That's what I like about my cable to. It's EXACTLY what I asked for down to the smallest detail.


----------



## FortisFlyer75

What is the best way to re-size pics to an acceptable standard on here?

 - as i will try and put a couple of pics of my cables on here if poss with my rig set up.

 Not often you get to dictate how you want your product to be!
 Felt quite satisfying and fun at the same time to know you get something you want tailor made to your specs at the end of the day.


----------



## scootermafia

I think if you post too big of a pic it resize it anyway, I like 1000x???


----------



## olblueyez

Quote:


  Originally Posted by *scootermafia* /img/forum/go_quote.gif 
_I think if you post too big of a pic it resize it anyway, I like 1000x???_

 

Microsoft Office Picture manager will do it.
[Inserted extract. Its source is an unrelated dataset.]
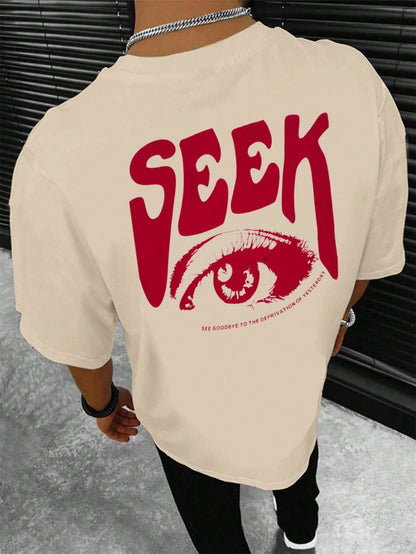 Manfinity Homme Men T-Shirts Fit Crew Neck Short Sleeve Graphic Tee Eye Goth Street Summer Polyester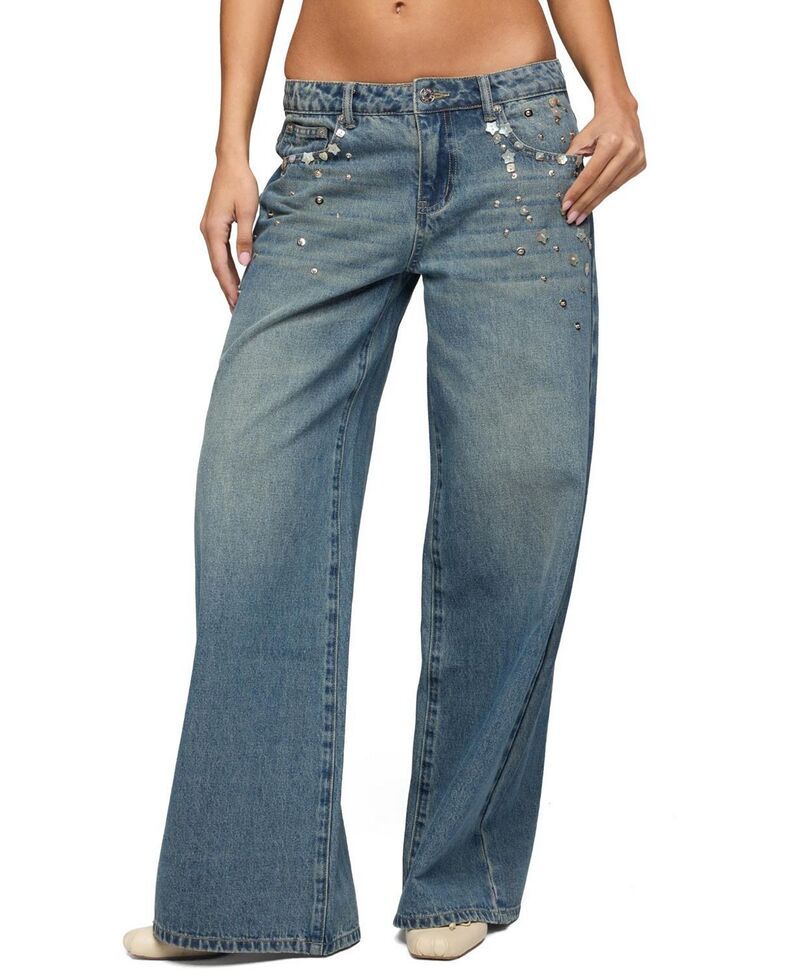 アディクテッド レディース ボトムス デニムパンツ ローライズ ジーンズ Edikted Mahlia Button Low Rise Baggy Jeans BlueVintageWashed ブルー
Just edit and resize and change size by percentage.


----------



## Pale Rider

Quote:


  Originally Posted by *FortisFlyer75* /img/forum/go_quote.gif 
_What is the best way to re-size pics to an acceptable standard on here?
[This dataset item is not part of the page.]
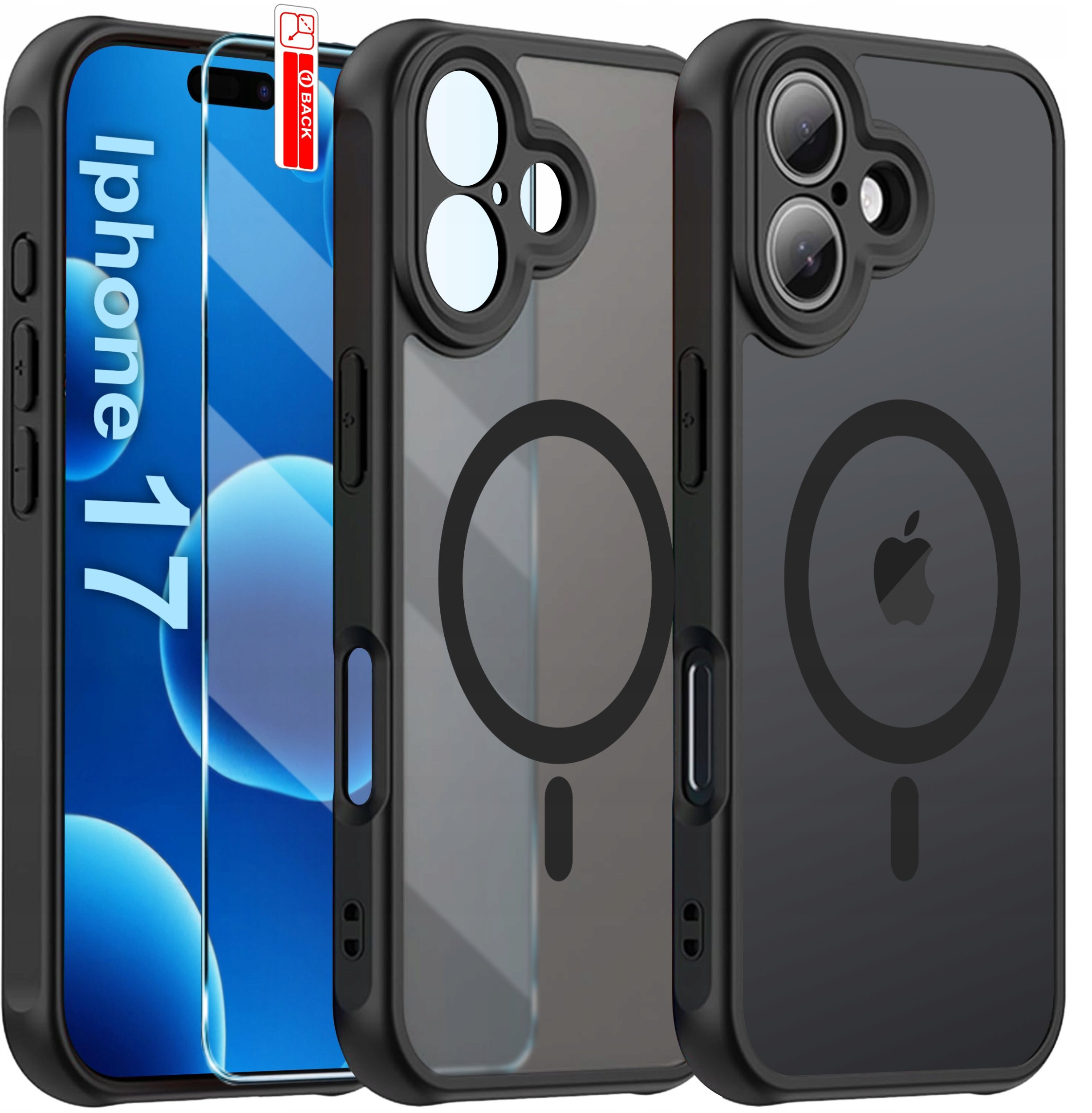 Etui Magnetyczne Matowe CZARNE do iPhone 17 |do MagSafe TRWAŁE + Szkło 9H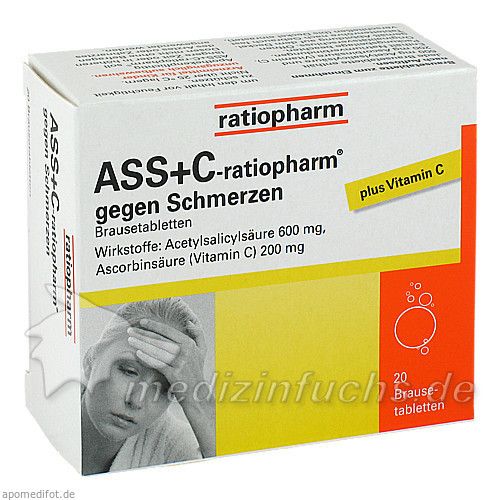 ASS + C-ratiopharm gegen Schmerzen, 20 ST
 - as i will try and put a couple of pics of my cables on here if poss with my rig set up.

 Not often you get to dictate how you want your product to be!
 Felt quite satisfying and fun at the same time to know you get something you want tailor made to your specs at the end of the day._

 

Would love to see those. There are a number of ways to resize photos, though many I have noticed post links to image hosting services. Depending on your OS, there are plenty of tools for resizing, usually built right in [e.g., iPhoto on Mac].


----------



## FortisFlyer75

Cheers guys, found a programme i had - Arcsoft photoimpression that had re-sizing on it, forgot i had it as i do not use it!
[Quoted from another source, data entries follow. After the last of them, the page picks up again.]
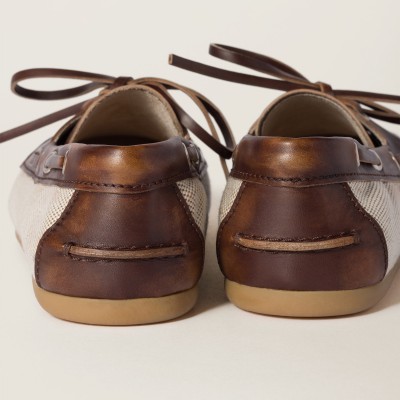 Miu Miu Canvas And Bleached Leather Deck Shoes Beige Brown Miu Miu Canvas And Bleached Leather Deck Shoes Beige Brown
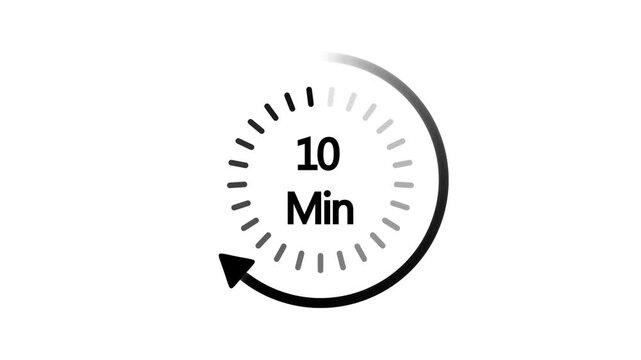 Ten Minute Timer with Arrow and Graduated Marks on White Background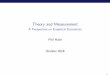 Theory and Measurement - Princeton Universityreddings/tradephd/Haile_theorymeas.pdfTheory and Measurement A Perspective on Empirical Economics Phil Haile ... Measurement vs. ﬁModel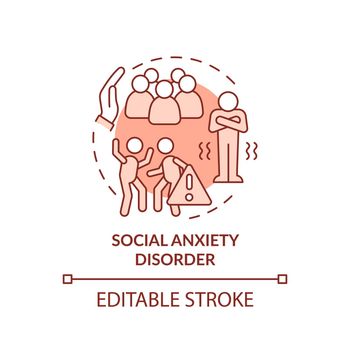 Social anxiety disorder terracotta concept icon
 I will post some pics of my rig with all the cables soon....
 (got to charge camera batteries up!)


----------



## les_garten

Quote:


  Originally Posted by *FortisFlyer75* /img/forum/go_quote.gif 
_Cheers guys, found a programme i had - Arcsoft photoimpression that had re-sizing on it, forgot i had it as i do not use it!

 I will post some pics of my rig with all the cables soon....
 (got to charge camera batteries up!)_

 

Here's a great program that does also Batch processing.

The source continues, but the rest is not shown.